From face drops to tinted sprays and self-tanning foams, I’ve got a hefty collection of at-home gear from myriad self-tanning and bronzing brands I’ve discovered through TikTok, the app famously known for its ability to make you buy literally anything. However, I draw the line at putting dangerous chemicals into my body, which is apparently the latest tanning trend taking over TikTok.
Per multiple outlets, including The New York Post and Everyday Health, beauty influencers are inhaling nasal tanning sprays to achieve a darker tan, and they’re of course promoting the practice on TikTok. The videos, one of which has received over a million views, show women testing the nasal sprays or detailing their tanning routines which include the product.
You might be wondering how a tanning nasal spray even works. The claim is that they help the user develop a tan without them having to apply a product to their skin. By utilizing ingredients like tyrosine and melanotan (an unregulated synthetic chemical), the sprays purportedly increase the body’s production of melanin, which is responsible for the pigmentation of our skin and hair. So you snort this solution then go bask in the sun or a tanning bed. Sounds perfectly safe.

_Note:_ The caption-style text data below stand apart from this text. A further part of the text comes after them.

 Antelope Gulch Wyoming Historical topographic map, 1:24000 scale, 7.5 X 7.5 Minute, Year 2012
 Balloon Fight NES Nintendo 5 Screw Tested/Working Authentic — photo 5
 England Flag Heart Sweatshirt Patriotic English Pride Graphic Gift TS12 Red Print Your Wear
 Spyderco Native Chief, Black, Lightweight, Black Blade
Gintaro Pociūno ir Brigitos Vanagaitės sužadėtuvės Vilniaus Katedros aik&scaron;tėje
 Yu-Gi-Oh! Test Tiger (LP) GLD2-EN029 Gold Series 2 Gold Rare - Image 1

Purposeful exposure to dangerous UV rays aside, these unregulated sprays, as many experts have warned, are generally not safe to use. Since they’re not FDA-approved, it’s unclear what is actually in them
Not to mention, melanotoan, often the main ingredient of nasal tanning sprays, is banned in several countries including the U.S. Side effects of melanotan include vomiting, flushed skin, spikes in blood pressure and “spontaneous erections.” Inhaling the formula also opens up the possibility that it’ll travel through mucous membranes and harm internal organs.
“Nasal sprays shoot a fine mist into the nasal mucosa, which is rich in vessels and provides a direct route into the bloodstream for medications that can easily cross mucous membranes,” a certified physician assistant explained to the Huffington Post. “This is concerning because systemic absorption increases the risk of side effects.”

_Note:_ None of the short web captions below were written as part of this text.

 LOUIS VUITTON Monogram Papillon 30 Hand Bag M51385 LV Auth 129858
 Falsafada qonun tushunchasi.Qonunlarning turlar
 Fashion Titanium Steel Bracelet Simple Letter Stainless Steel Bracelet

Despite experts’ warnings, however, social media influencers don’t seem all too concerned with the ill side effects and say they’d happily risk bodily harm if it meant that they could keep looking snatched.

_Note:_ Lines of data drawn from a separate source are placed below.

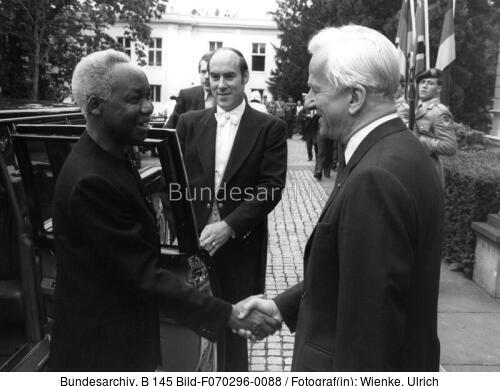 Bonn, Besuch Präsident von Tansania, Julius Nyerere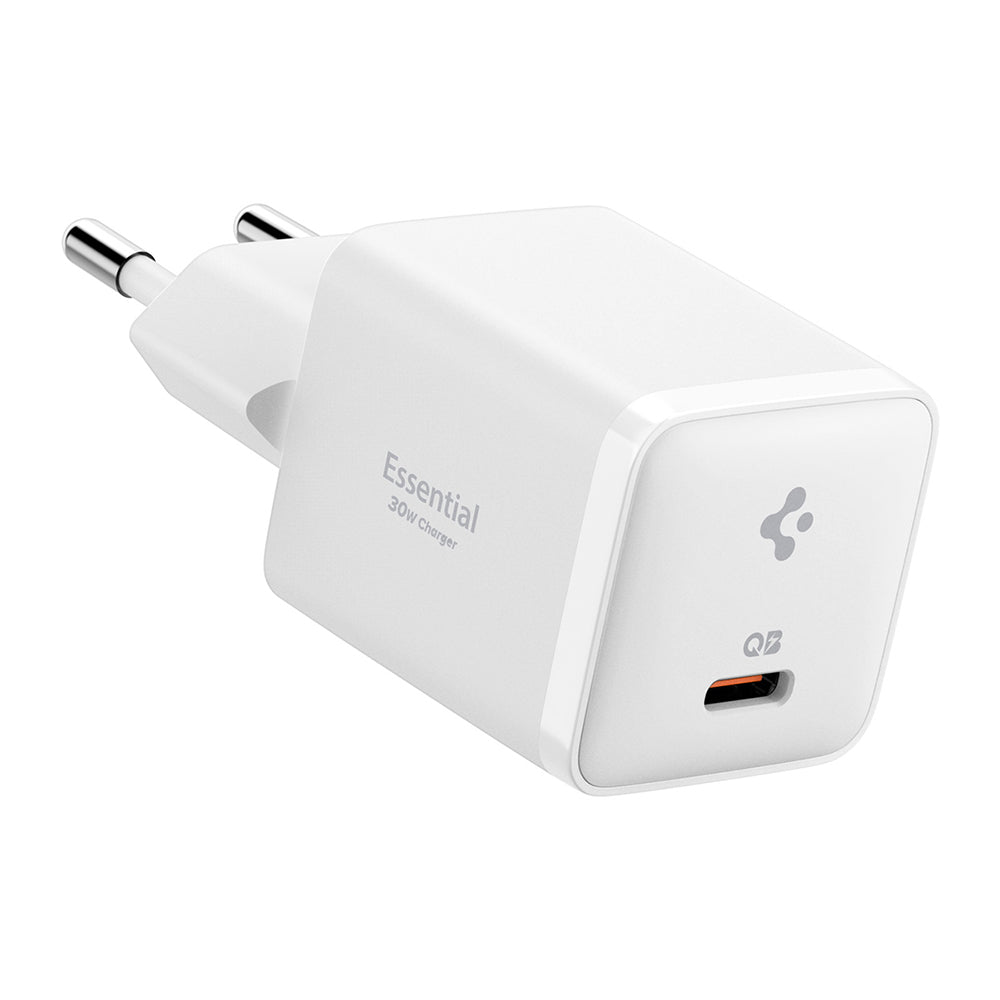 Caricabatterie Retea Spigen EE301EU Essential, 30W, 3A, 1 x USB-C, Bianco KF2363556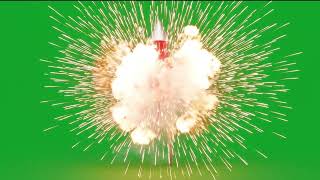 Firework Rocket Blast Green Screen | AI Generated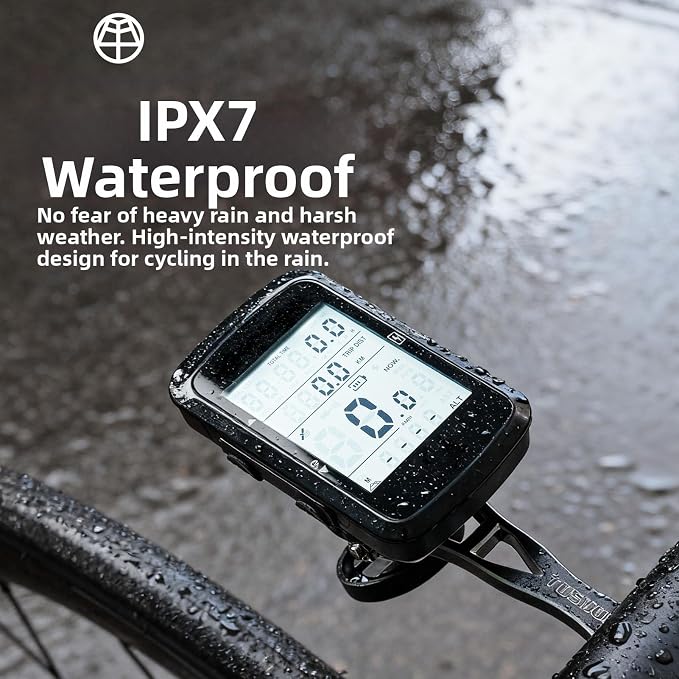 Bike Computer GPS Bicycle Speedometer Odometer - Image 3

“I’d rather die hot than live ugly, so if this is going to take ten years off my life, I don’t care,” one TikTok user proclaimed in a video of her using the drops.
While I lowkey respect this bonkers sentiment, there are much safer ways to achieve that bronzed god look you’re chasing this summer, so along with the many other dangerous beauty trends circulating TikTok, let’s skip inhaling mysterious tanning sprays, shall we?